What to work on
Produce a word-for-word copy of the line that contains "Man visar texten" and each line after it through the end of the material, omitting pictures and all other lines.

Collected material

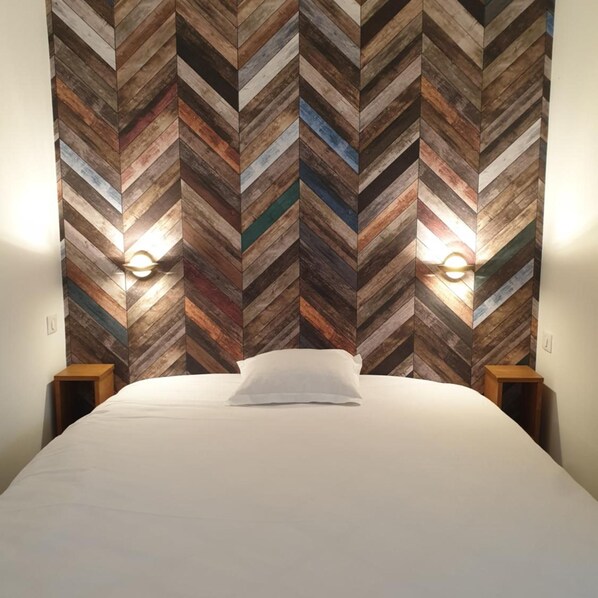 A bed with a white mattress and pillows, flanked by two nightstands with lamps, against a wall with a chevron-patterned wooden panel. - Hotel Des Portes De Meuse (Pagny-sur-Meuse)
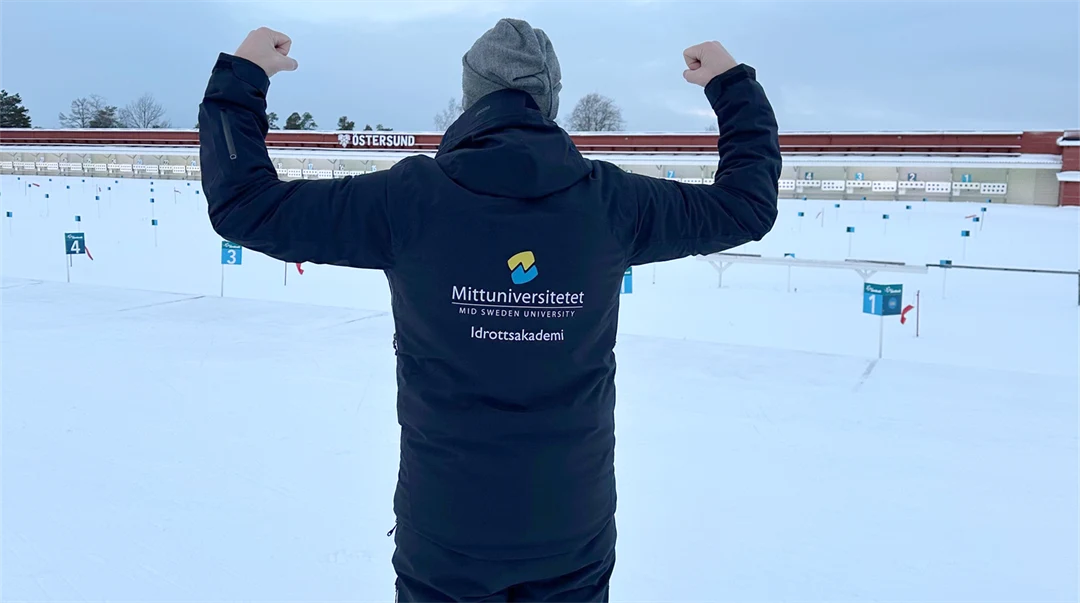 Man visar texten på ryggen av sin jacka med en "jag är stark" pose.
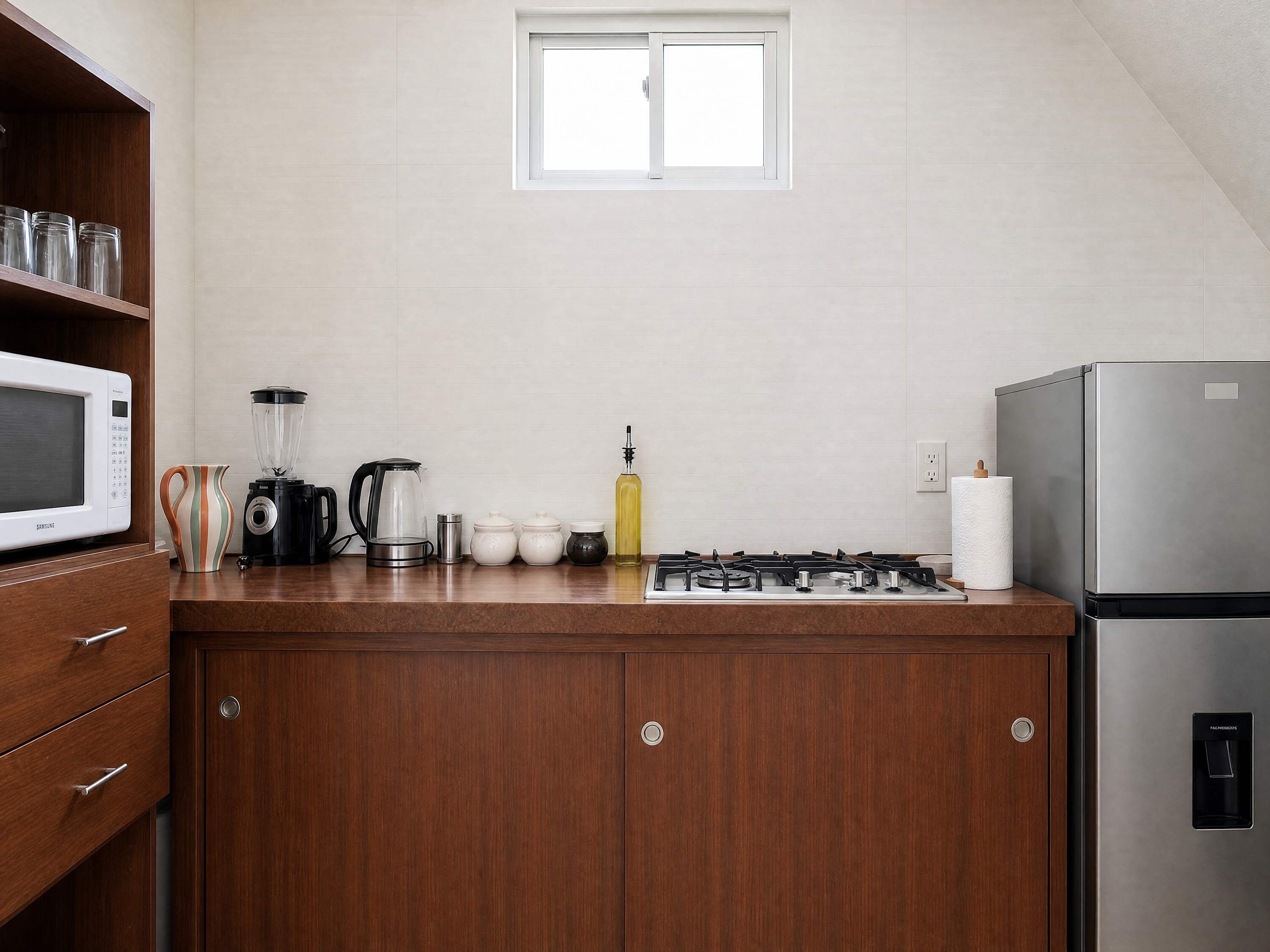 A kitchen with a microwave, stove, cabinets, and a window.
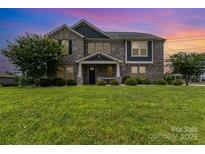 Charming two-story gray brick home with a manicured lawn and lush landscaping at 410 Alucio Ct, Matthews, NC 28104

Solution to this problem
 Man visar texten på ryggen av sin jacka med en "jag är stark" pose.
 A kitchen with a microwave, stove, cabinets, and a window.
 Charming two-story gray brick home with a manicured lawn and lush landscaping at 410 Alucio Ct, Matthews, NC 28104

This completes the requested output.